Негативная диалектика эстетической теории Адорно перекликается с неспособностью уместить в словах человеческого языка опыт познания иррационального, божественного. Обращение к апофазису принято связывать с сомнениями в адекватности языковых средств в деле выражения истины. В богословской гносеологии опорой апофатики является мистическое переживание, достоверность которого располагается в непосредственной близости от его невыразимости. В основе отрицательной теологии лежит знание о том, что Бог не совпадает ни с чем из доступного уму и слову. Псевдо-Дионисий Ареопагит в своем трактате «О мистическом богословии» так характеризует божество: «Причина всего, будучи выше всего, и несущностна, и нежизненна, не бессловесна, не лишена ума и не есть тело; не имеет ни образа, ни вида, ни качества, или количества, или величины; на каком-то месте не пребывает, невидима, чувственного осязания не имеет; не воспринимает и воспринимаемой не является» [10, с. 757]. Апофатический дискурс уводит разум из привычной среды существования, где он может опираться на образы, понятия, логические постулаты. Однако, в конечном счете, такая отрицательность преодолевается; на смену невидению приходит созерцание того, что находится за пределами видимого.
Альтернативой негативному познанию служит «положительное» слово о Боге — катафатическая теология, которая через восприятие божественных манифестаций стремится к максимальному проговариванию бесчисленных совершенств и милостей творца. Такого способа понимания, только не Бога, а языка, придерживается Беньямин. Ведь катафатические и апофатические принципы свойственны не только богословию. Любой дискурс, любое повествование утверждает нечто, либо присваивая ему имя, либо указывая, не называя, посредством других имен. Подобно тому, как в религиозных учениях катафатика и апофатика рассматриваются в качестве единого пути, лишь проходимого в разных направлениях, так и в языке всякое высказывание проводит черту, заявляя то, что расположено по эту сторону слов, и отсылая одновременно к тому, что осталось за ее границей. Катафатическое именование, как правило, отличается ясностью, но за этим свойством нередко кроется схематичное, упрощенное изображение истины. Апофатические же сентенции, напротив, темны и сложны для интерпретации: за отрицанием следует отрицание, и суждение зачастую заканчивается установлением молчания.

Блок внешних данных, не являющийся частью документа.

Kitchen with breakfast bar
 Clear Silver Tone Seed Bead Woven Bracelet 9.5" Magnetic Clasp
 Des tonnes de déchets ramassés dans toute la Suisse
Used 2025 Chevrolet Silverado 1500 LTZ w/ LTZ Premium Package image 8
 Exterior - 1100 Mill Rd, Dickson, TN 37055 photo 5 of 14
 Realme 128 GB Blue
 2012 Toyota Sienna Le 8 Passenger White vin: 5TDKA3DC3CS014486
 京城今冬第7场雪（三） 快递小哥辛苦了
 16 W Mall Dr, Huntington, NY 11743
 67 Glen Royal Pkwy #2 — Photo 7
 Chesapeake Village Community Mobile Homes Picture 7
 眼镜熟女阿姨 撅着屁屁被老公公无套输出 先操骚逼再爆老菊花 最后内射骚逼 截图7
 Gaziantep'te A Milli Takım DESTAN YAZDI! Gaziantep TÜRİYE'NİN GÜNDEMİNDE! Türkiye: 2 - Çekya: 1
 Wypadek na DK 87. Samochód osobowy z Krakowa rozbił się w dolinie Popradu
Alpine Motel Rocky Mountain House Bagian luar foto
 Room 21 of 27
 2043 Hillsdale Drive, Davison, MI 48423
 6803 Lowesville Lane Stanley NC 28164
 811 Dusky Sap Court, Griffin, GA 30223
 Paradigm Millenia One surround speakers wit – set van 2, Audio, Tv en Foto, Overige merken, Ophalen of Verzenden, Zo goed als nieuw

Торжеством катафатического типа познания принято считать систему немецкого классического идеализма, предложившую позитивные ответы на многие неразрешимые вопросы. Современная же мысль характеризуется тем, что нередко в своих умозрительных построениях делает выбор в пользу апофатики. Как показывает история иррациональной философии, уйти от уверенности и утвердительности умозрительного дискурса катафатики можно, проведя различие между бытием как таковым и бытием человеческим (существованием). Изменчивый модус существования лишен отвлеченной схематичности, хотя отказать ему в подлинности трудно. П. П. Гайденко, разбирая учение Кьерке-
гора, формулирует основной принцип не только его апофатической системы, но и вообще подобного рода философствования: «Истина — это не то, что ты знаешь, а то, что ты есть; истину нельзя знать, в истине можно быть или не быть» [8, с. 15]. Иными словами, отрицательность апофатики не онтоло-гична — она экзистенциальна, т. е. коренится в человеческом существовании, в языке, узнавшем о своих пределах.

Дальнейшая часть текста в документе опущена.